▶ _Task details_
The number of lines containing the word "Black" is all you should give; count them in the records below.
═══ Supplied records
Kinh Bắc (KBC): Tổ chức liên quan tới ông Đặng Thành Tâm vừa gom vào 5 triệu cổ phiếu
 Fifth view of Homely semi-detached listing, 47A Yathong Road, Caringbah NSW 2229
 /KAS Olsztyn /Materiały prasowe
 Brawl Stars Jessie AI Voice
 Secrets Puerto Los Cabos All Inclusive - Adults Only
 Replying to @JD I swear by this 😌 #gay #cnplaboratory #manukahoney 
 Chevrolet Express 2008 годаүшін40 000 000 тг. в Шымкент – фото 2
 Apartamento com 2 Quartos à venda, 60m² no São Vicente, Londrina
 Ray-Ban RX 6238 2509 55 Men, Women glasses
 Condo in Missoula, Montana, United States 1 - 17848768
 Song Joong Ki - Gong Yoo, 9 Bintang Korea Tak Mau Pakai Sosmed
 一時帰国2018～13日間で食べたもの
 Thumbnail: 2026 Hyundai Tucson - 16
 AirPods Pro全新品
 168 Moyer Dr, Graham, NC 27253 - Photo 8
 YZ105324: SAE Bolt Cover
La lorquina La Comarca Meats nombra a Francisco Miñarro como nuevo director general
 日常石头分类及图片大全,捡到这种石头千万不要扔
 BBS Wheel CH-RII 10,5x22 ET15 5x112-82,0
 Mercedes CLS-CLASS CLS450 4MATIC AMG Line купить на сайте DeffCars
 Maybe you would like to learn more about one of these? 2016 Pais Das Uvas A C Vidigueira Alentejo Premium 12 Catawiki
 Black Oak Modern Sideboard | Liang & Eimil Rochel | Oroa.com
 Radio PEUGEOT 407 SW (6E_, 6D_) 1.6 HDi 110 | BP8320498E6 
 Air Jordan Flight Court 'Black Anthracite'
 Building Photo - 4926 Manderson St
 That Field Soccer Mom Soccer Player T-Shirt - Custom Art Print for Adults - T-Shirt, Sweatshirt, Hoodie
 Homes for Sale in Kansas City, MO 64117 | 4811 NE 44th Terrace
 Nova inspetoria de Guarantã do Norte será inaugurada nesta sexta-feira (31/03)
══════
▶ _Solution to the problem_
2